◆ Task objective: Return the lines beginning at the one that contains "Намет для риболовлі" and running to the end of the records, exactly and with nothing else. Omit pictures.

◆ Recorded data:
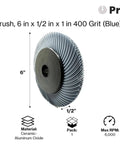 Works Like A Dream Heavy Duty 6 Inch Radial Bristle Brush 400 Grit Blue Type C with Telescoping Wheel Arbor Reducer, side view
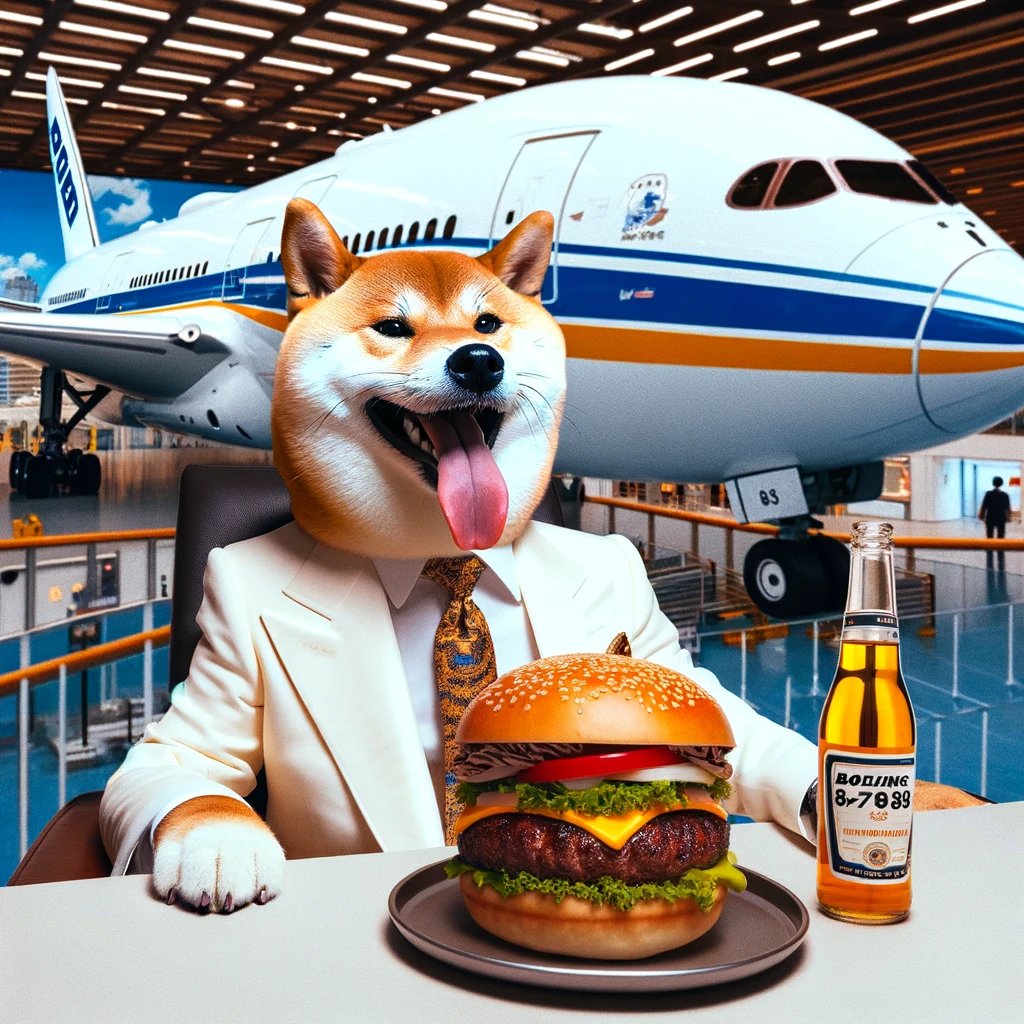 Biting into a giant burger while admiring the Boeing 787 at Flight of Dreams. Life's a journey, enjoy the bite! #ShibaInu #AviationLove #GourmetBurger #FlightOfDreams #LuxuryLifestyle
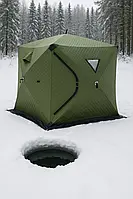 Намет для риболовлі зимовий утеплений куб вітрозахисний 210х210 палатка хакі для риболовлі кемпінгу подорожей намет для зими Lugi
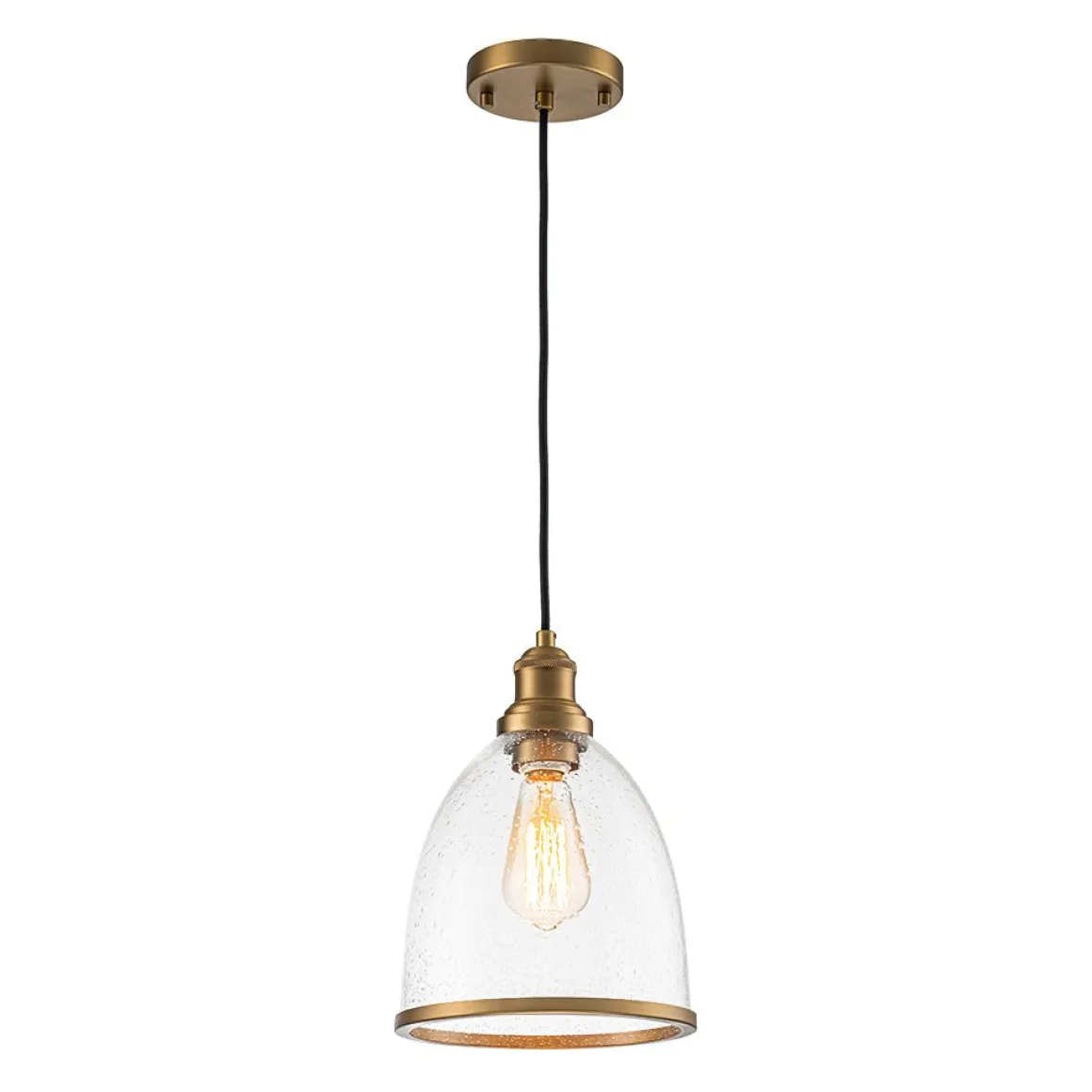 1-Light Seeded Glass Bell Dome Kitchen Pendant Light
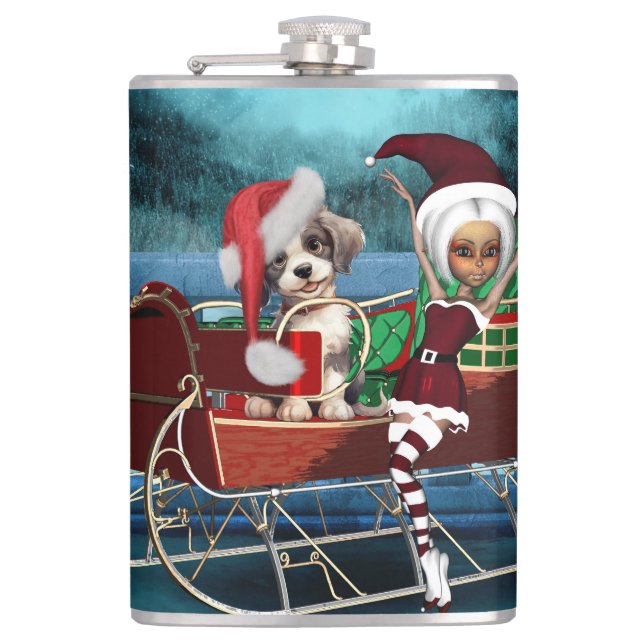 Cantil Cãozinho de natal bonito e elfo (Frente)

◆ Expected answer:
 Намет для риболовлі зимовий утеплений куб вітрозахисний 210х210 палатка хакі для риболовлі кемпінгу подорожей намет для зими Lugi
 1-Light Seeded Glass Bell Dome Kitchen Pendant Light
 Cantil Cãozinho de natal bonito e elfo (Frente)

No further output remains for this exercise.